Adalet endeksi en yüksek olan ülkelere baktığımızda en belirgin ortak özellikleri refah seviyelerinin yüksek ve insanlar arasındaki refah seviyesinin birbirine yakın olmasıdır. Refah seviyesi yüksek toplumlarda daha az ihtilaf yaşanması, dolayısıyla adaletsizlik ya da haksızlık iddialarının görece az olması bize önemli şeyler söylüyor olsa gerek. Refah seviyesinin düşük, aynı zamanda bireyler arasındaki refah farkının fazla olduğu toplumlarda daha fazla ihtilaf ve daha fazla adaletsizlik hissi görülüyor. Yoksunluk, tatminsizlik ve eşitsizlik insanların kişiliklerine neredeyse telafisi mümkün olmayan zararlar veriyor. Bu travmaların şekillendirdiği toplumsal ilişkiler bir adaletsizlik kısırdöngüsü yaratır. Huzursuzlukla karakterize olan toplumların adalet talepleri dahi bir dengesizlik içerir.

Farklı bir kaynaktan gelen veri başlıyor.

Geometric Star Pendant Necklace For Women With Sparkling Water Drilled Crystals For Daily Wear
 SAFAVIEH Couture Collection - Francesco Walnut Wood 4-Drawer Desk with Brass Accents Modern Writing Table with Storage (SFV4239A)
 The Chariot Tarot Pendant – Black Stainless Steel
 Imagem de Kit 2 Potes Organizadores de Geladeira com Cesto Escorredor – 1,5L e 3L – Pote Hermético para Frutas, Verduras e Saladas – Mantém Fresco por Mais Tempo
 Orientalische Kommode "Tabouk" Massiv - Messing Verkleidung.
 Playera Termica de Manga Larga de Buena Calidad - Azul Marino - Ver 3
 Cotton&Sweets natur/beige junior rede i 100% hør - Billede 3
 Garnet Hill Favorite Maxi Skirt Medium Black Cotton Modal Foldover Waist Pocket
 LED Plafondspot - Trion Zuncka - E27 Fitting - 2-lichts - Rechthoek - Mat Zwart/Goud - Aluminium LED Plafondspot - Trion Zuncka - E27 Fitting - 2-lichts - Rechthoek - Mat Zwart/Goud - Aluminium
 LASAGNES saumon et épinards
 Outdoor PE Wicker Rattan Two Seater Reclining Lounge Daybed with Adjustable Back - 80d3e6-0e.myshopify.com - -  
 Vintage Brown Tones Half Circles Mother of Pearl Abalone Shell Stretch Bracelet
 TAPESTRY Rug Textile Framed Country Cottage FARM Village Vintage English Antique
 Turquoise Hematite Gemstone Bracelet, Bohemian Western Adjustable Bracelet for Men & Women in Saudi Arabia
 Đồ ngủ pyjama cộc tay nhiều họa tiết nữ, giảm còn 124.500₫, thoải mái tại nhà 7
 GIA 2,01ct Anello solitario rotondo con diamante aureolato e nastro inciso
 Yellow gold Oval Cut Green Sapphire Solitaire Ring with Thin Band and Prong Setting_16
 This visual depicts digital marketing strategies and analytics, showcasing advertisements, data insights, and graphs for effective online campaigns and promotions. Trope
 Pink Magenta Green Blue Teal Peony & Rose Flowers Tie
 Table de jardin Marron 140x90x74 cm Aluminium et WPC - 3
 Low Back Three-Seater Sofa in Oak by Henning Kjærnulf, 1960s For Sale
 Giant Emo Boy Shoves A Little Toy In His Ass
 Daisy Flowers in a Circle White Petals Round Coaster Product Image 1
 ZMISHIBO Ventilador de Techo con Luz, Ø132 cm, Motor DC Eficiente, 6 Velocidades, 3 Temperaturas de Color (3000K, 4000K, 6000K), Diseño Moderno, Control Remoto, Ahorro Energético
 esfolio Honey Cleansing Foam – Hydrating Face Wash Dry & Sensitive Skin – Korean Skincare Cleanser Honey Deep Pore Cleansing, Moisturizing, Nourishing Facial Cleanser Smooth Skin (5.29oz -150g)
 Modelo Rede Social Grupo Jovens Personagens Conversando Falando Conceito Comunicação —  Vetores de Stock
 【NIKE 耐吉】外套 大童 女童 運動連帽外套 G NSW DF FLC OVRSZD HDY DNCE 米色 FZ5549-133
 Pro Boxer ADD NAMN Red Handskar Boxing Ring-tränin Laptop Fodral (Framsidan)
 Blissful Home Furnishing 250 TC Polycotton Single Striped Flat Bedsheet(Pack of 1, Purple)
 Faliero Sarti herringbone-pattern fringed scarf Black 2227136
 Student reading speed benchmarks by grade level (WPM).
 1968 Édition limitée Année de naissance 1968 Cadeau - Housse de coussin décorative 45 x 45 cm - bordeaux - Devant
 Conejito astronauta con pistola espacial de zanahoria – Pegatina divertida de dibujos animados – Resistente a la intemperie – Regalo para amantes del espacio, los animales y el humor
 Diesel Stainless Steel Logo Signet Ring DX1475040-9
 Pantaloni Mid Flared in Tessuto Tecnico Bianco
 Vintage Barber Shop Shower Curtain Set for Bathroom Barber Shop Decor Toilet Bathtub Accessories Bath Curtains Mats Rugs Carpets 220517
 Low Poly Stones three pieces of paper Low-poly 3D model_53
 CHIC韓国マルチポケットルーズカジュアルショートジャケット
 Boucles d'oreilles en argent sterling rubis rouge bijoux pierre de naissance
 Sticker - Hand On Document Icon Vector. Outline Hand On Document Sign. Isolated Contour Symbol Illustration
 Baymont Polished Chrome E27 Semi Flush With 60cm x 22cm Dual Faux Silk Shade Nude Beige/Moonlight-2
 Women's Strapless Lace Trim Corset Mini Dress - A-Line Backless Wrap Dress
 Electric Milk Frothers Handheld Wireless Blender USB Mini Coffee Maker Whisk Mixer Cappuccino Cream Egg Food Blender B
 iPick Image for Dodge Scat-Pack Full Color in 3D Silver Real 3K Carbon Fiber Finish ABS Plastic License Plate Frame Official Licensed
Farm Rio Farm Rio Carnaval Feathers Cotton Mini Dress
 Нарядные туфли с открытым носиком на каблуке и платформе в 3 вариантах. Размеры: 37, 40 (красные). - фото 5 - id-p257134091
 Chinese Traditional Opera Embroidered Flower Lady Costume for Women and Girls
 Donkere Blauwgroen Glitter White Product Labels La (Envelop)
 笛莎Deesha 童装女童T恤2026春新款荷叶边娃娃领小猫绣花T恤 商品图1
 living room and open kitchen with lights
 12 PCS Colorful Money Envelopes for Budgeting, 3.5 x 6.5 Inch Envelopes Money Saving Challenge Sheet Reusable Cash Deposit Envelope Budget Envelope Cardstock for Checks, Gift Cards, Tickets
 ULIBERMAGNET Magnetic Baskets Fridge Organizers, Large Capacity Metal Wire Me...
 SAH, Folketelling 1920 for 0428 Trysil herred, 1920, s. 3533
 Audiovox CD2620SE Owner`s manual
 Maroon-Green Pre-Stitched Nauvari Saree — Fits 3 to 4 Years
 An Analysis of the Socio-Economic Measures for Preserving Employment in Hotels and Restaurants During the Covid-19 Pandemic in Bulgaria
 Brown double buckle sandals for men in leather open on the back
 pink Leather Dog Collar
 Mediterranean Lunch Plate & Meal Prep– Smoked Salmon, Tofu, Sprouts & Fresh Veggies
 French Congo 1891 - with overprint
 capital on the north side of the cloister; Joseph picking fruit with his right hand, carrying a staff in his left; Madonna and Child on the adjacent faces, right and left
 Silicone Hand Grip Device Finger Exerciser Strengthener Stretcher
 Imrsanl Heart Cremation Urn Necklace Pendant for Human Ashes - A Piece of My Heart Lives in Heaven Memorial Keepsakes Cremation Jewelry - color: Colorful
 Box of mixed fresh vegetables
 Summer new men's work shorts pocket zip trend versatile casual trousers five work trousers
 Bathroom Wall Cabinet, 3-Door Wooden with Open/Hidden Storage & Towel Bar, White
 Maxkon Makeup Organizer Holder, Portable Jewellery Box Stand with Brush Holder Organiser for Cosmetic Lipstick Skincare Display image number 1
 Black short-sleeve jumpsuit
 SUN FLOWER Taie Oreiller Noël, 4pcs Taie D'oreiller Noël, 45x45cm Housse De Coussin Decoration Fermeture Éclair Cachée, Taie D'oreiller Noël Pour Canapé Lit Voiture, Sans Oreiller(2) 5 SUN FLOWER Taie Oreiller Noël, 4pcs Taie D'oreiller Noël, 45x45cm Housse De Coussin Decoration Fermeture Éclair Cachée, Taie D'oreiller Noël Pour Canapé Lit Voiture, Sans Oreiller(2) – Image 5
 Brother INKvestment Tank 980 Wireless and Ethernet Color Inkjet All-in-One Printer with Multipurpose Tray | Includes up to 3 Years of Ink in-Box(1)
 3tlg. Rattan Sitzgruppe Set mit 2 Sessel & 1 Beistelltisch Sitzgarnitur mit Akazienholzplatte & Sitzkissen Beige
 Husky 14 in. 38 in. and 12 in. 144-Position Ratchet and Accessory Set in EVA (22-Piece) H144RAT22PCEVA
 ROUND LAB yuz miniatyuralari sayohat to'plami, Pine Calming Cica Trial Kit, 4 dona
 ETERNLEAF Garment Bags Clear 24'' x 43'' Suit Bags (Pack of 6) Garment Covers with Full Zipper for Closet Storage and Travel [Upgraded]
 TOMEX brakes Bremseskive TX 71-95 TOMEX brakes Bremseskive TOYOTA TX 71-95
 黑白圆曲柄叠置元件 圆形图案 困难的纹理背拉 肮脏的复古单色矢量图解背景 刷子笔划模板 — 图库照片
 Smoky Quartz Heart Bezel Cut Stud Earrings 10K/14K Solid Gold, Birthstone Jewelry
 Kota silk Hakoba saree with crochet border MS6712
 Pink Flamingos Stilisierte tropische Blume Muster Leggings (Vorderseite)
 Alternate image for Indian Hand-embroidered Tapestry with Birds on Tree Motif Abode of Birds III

Düşünce tarihinin en çetrefilli, tartışmalı ve tüketilemez konularından birisi olan adalet hakkında sayısız fikrin, teorinin ve yaklaşımın olduğu doğrudur. Bu teorilerin adalete ilişkin sık sık düştükleri hatalı bakış açısı, adaleti ararken mesele sanki salt adaletsizlikten ibaretmiş gibi yola çıkarak aramaktır. Tıpkı hastalık şikayetinin olmamasının sağlıklı olunduğuna işaret etmesi gibi haksızlık şikayetinin olmaması da o toplumun gayet adil olduğunu gösterir. Bu nedenle değerini ve önemini adaletsizlikten almayan, var edilmek için bozulmaya ihtiyaç duymayan bir adalet anlayışına yönelmemiz gerekir. Öyleyse, adaleti bozulduktan sonra gecikmiş ve eksik olarak tesis etmeyi vaat etmek yerine, bakış açımızı değiştirerek artık adalet meselesinde içine düştüğümüz kısırdöngüden nasıl kurtulabileceğimize yoğunlaşmalıyız.